Valley residents air concerns with legislators on Operation Lone Star

Members of La Unión del Pueblo Entero, speak out against Operation Lone Star on Tuesday, Nov. 15, 2022, in Austin. (Courtesy photo)

Racial profiling, migrant deaths and traffic stops were among some of the main concerns Rio Grande Valley residents shared with state senators during a hearing held Tuesday to address the impact of Gov. Greg Abbott’s Operation Lone Star.

State Sen. Juan “Chuy” Hinojosa, D-McAllen, was one of the senators who gathered to hear from state agencies on the operation’s impact to the border, rural, and urban communities throughout Texas, as well as to review border security appropriations.

Among sheriffs, directors, and policy advisers, members from La Union del Pueblo Entero and ARISE, two nonprofits working to improve Valley communities, offered their testimony on the policy, which took effect last year when Abbott chose the Valley to announce its launch. The program continues to be in effect to date.

“Border communities are thriving and vibrant. There’s no better place to raise a family than the Rio Grande Valley, which was the case until Operation Lone Star started in March of 2021,”

Tanya Chavez Camacho, a LUPE member who’s lived in the Valley for 22 years, said Tuesday.

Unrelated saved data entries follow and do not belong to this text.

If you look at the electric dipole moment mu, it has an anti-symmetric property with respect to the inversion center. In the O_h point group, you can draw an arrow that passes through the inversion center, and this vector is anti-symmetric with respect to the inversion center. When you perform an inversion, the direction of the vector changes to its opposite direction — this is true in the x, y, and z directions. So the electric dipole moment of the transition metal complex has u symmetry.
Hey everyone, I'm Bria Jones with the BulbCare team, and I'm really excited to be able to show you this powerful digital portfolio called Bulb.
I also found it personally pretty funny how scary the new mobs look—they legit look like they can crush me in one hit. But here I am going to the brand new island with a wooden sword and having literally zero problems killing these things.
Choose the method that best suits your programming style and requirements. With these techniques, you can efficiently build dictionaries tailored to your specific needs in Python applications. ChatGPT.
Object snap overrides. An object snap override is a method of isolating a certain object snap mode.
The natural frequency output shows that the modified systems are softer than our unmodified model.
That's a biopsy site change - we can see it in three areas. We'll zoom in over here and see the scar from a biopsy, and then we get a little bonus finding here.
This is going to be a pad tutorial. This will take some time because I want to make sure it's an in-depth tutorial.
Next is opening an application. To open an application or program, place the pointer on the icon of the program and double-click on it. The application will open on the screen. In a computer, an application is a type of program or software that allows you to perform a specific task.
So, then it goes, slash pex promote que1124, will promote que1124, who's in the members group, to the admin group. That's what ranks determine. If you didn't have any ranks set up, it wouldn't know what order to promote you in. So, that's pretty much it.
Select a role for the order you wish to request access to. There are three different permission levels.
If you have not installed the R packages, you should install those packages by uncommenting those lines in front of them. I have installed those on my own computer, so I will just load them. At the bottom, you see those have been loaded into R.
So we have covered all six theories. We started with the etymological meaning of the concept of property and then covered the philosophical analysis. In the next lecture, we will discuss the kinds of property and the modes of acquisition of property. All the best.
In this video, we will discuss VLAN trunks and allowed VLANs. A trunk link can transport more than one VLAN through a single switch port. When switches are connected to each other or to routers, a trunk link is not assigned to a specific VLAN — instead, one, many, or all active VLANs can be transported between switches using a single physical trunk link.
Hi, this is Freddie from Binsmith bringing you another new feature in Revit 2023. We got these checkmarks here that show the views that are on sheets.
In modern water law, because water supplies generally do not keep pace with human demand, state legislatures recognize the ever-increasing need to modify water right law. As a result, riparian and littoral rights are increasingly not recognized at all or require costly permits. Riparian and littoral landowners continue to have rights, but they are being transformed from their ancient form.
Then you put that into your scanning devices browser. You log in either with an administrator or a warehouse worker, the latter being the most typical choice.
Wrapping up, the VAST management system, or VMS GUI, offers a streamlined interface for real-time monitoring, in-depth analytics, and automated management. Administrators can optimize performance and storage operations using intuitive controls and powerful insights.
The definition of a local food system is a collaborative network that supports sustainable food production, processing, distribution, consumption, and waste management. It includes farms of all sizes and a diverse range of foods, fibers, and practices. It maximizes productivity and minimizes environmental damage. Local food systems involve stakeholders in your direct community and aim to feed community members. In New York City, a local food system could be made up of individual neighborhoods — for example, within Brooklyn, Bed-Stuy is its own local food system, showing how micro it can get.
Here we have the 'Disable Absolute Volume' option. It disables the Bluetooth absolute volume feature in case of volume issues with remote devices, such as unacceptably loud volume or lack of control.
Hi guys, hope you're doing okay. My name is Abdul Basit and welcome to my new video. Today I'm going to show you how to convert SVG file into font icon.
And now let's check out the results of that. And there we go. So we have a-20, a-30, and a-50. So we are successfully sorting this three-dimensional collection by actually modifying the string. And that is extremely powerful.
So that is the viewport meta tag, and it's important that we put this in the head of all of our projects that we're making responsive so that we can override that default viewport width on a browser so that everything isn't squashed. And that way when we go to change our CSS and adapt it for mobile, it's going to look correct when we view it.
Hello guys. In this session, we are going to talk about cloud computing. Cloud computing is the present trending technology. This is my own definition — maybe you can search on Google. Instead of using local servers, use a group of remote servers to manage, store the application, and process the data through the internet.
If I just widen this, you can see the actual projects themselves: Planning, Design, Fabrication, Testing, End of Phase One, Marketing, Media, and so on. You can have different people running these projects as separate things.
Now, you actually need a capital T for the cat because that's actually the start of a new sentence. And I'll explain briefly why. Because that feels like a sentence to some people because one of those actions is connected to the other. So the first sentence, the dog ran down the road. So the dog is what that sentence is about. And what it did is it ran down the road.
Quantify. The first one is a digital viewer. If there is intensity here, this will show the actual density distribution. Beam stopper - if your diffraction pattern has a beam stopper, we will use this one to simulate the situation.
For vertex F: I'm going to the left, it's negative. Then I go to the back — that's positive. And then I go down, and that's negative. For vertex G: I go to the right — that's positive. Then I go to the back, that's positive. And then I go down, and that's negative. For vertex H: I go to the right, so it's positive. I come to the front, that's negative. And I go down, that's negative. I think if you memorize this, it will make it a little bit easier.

“I actually lived as an undocumented citizen for 20 years in the Rio Grande Valley and I know first-hand what it is to live in fear. Dining at restaurants while CBP and DPS officers (are) sitting right next to you gives you a grouching pain in the stomach,” Chavez Camacho said. “Operation Lone Star is the latest attempt from Governor Abbott to criminalize immigrants and people of color, and border residents like myself in the Rio Grande Valley.”

Under Operation Lone Star, state agencies touted multiple successes, including the criminal arrests of 21,941 immigrants, 70 miles of temporary fencing constructed along the border, and contracts for 18.8 miles of permanent wall structures, according to Sarah Hicks, Abbott’s director of budget and policy.

The governor also began sending migrants away from border communities to so-called sanctuary cities in northern states, but only those with democratic leadership. So far, over 300 buses carrying about 13,000 migrants were sent across the U.S., triggering financial stress to cities like New York City and Chicago.

Tania Chavez Camacho, a member of La Unión del Pueblo Entero, speaks before the Texas Senate about the impact Operation Lone Star has on border communities on Tuesday, Nov. 15, 2022, in Austin. (Courtesy photo)

Bob Hall, a republican senator, questioned the use and cost of buses used to send migrants away from Texas.

“You said $26-million and about 13,000. That’s about $2,000 per person by bus,” Hall said, directing his comments to W. Nim Kidd, the director of the Texas Division of Emergency Management.

“We can get a first class airplane ticket for a lot less than that. Why aren’t we just flying them up there?,” Hall asked Kidd.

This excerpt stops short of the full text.